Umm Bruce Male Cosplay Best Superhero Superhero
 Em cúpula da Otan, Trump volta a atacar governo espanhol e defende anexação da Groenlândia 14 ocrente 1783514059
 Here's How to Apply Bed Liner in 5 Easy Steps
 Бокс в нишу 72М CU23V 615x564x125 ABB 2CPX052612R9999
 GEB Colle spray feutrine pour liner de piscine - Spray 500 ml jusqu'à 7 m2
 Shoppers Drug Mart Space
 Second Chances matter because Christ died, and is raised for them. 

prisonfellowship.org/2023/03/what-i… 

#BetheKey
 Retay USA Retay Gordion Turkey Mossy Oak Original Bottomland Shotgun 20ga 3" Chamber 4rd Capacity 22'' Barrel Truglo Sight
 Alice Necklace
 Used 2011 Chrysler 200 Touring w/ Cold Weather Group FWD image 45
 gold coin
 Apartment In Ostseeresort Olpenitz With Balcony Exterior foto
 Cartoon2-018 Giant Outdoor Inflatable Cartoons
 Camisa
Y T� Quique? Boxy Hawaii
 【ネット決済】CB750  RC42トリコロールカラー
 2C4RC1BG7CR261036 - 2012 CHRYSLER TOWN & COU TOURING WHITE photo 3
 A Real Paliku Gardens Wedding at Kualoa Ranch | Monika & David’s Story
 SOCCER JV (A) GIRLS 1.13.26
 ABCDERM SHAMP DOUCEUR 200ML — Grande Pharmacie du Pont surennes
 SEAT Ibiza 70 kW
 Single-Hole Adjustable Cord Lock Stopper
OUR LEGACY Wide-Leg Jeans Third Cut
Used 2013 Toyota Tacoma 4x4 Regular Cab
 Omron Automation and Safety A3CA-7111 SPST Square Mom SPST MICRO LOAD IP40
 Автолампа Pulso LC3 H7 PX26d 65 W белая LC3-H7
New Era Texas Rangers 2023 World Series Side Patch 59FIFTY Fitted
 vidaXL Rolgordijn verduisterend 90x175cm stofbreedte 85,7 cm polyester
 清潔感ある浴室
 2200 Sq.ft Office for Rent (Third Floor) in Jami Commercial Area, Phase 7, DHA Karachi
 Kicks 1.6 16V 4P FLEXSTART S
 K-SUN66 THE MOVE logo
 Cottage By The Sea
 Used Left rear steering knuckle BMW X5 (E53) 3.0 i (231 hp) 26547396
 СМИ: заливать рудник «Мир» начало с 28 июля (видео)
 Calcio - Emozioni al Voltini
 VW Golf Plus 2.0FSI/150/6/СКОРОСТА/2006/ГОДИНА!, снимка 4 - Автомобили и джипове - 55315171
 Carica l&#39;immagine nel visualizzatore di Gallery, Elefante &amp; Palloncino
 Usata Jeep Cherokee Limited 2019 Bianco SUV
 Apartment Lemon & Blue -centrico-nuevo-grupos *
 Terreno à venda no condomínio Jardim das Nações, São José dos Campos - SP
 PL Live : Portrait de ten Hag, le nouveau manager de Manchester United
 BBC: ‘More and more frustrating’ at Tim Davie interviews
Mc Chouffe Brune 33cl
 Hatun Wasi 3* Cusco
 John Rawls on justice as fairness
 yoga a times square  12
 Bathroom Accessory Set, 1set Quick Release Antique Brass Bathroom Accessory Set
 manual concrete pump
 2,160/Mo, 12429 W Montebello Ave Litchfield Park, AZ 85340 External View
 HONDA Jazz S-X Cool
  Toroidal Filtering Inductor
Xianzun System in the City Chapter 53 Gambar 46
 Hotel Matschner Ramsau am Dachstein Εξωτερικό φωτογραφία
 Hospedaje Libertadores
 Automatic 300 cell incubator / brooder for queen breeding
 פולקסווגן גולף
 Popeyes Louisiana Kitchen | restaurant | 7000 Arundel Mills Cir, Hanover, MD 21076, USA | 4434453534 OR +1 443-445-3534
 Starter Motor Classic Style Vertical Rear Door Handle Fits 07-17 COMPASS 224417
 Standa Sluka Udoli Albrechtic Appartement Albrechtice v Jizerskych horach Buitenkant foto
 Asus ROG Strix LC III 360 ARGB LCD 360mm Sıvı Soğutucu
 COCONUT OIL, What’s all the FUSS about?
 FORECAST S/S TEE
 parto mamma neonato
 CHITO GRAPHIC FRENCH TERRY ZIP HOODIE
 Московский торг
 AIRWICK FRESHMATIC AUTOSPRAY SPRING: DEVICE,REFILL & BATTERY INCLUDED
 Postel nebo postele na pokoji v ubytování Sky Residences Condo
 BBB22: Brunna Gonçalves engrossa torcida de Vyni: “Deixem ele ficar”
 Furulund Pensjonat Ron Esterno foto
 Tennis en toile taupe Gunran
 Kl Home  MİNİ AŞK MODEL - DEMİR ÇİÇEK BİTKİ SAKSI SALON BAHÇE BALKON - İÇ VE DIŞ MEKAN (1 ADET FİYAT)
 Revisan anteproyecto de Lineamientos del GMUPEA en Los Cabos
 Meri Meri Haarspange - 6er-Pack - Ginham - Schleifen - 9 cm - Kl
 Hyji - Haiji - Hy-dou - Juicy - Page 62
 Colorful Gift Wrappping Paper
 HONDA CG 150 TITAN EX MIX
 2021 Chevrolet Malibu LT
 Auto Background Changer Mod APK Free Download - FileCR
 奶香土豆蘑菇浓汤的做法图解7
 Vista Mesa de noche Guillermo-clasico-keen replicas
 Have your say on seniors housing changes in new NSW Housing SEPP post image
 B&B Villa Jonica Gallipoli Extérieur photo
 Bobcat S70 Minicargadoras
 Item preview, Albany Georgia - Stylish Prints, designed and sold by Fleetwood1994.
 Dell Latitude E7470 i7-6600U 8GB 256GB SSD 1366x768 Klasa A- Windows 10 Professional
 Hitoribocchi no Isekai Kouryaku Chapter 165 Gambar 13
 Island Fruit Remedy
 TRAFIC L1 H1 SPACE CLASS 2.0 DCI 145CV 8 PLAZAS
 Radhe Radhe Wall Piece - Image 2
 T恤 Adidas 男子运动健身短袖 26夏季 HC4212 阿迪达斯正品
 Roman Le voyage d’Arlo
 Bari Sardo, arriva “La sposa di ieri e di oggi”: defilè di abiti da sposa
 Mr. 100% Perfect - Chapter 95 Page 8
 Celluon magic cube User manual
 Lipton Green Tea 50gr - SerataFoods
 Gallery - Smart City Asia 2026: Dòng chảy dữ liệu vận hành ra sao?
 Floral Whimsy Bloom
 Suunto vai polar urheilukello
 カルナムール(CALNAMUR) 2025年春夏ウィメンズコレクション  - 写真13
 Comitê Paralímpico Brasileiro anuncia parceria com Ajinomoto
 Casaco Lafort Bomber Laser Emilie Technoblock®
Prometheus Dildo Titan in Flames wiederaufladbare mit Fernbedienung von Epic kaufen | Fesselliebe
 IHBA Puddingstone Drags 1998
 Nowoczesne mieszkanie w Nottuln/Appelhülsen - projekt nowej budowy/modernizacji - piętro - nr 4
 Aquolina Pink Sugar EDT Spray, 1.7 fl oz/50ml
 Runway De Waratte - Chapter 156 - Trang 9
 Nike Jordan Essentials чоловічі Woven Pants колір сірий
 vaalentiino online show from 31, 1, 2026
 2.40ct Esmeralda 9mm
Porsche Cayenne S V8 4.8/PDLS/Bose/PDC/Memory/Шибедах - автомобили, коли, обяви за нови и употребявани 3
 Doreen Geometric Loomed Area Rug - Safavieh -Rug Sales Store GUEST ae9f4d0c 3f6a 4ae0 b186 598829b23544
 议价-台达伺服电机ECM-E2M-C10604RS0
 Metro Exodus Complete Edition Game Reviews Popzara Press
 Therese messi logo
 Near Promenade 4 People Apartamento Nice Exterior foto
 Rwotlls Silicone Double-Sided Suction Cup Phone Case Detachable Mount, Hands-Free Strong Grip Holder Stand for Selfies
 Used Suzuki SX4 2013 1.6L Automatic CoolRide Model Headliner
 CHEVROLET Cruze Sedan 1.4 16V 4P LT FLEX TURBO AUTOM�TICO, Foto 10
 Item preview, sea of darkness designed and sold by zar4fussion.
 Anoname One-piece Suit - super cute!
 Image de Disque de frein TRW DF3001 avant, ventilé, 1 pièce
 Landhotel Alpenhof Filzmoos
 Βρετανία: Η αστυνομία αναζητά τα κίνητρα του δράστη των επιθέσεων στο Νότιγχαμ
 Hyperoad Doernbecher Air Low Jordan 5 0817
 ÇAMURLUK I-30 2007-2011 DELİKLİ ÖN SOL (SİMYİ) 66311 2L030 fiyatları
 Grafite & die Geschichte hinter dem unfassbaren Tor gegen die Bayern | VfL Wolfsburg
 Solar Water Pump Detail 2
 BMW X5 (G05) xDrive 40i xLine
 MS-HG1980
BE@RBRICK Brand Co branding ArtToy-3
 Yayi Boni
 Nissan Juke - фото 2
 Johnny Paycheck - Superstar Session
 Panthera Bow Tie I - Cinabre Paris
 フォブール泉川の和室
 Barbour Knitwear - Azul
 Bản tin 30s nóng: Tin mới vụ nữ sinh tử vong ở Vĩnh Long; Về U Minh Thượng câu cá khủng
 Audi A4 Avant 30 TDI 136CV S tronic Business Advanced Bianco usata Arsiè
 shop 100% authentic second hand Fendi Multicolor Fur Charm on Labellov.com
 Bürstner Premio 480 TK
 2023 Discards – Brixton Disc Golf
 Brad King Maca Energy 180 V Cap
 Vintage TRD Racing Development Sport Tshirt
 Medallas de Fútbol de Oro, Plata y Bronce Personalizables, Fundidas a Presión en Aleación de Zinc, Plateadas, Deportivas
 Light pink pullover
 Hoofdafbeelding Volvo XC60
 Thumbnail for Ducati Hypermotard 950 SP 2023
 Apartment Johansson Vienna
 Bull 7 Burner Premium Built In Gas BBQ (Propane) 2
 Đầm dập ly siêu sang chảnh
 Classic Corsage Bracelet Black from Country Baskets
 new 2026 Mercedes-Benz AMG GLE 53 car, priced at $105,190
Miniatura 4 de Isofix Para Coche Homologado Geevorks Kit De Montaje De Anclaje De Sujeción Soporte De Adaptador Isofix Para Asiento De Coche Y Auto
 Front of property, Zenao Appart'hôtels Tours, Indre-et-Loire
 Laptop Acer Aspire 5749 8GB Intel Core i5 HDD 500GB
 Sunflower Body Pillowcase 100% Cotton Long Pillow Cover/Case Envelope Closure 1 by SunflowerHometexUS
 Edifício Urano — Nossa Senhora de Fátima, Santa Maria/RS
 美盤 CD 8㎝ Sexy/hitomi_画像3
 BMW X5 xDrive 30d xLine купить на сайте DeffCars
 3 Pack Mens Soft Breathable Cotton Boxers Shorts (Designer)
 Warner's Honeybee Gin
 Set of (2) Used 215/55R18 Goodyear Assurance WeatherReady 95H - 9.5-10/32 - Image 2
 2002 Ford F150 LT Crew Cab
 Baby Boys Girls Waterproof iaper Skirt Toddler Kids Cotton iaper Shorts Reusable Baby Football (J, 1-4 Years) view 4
§
#### [Exercise prompt]
Please give again the lines above between the line holding "T恤 Adidas 男子运动健身短袖 26夏季 HC4212 阿迪达斯正品" and the line holding "Nike Jordan Essentials", inclusive, exactly as they are and with nothing added.

#### [Answer to this task]
 T恤 Adidas 男子运动健身短袖 26夏季 HC4212 阿迪达斯正品
 Roman Le voyage d’Arlo
 Bari Sardo, arriva “La sposa di ieri e di oggi”: defilè di abiti da sposa
 Mr. 100% Perfect - Chapter 95 Page 8
 Celluon magic cube User manual
 Lipton Green Tea 50gr - SerataFoods
 Gallery - Smart City Asia 2026: Dòng chảy dữ liệu vận hành ra sao?
 Floral Whimsy Bloom
 Suunto vai polar urheilukello
 カルナムール(CALNAMUR) 2025年春夏ウィメンズコレクション  - 写真13
 Comitê Paralímpico Brasileiro anuncia parceria com Ajinomoto
 Casaco Lafort Bomber Laser Emilie Technoblock®
Prometheus Dildo Titan in Flames wiederaufladbare mit Fernbedienung von Epic kaufen | Fesselliebe
 IHBA Puddingstone Drags 1998
 Nowoczesne mieszkanie w Nottuln/Appelhülsen - projekt nowej budowy/modernizacji - piętro - nr 4
 Aquolina Pink Sugar EDT Spray, 1.7 fl oz/50ml
 Runway De Waratte - Chapter 156 - Trang 9
 Nike Jordan Essentials чоловічі Woven Pants колір сірий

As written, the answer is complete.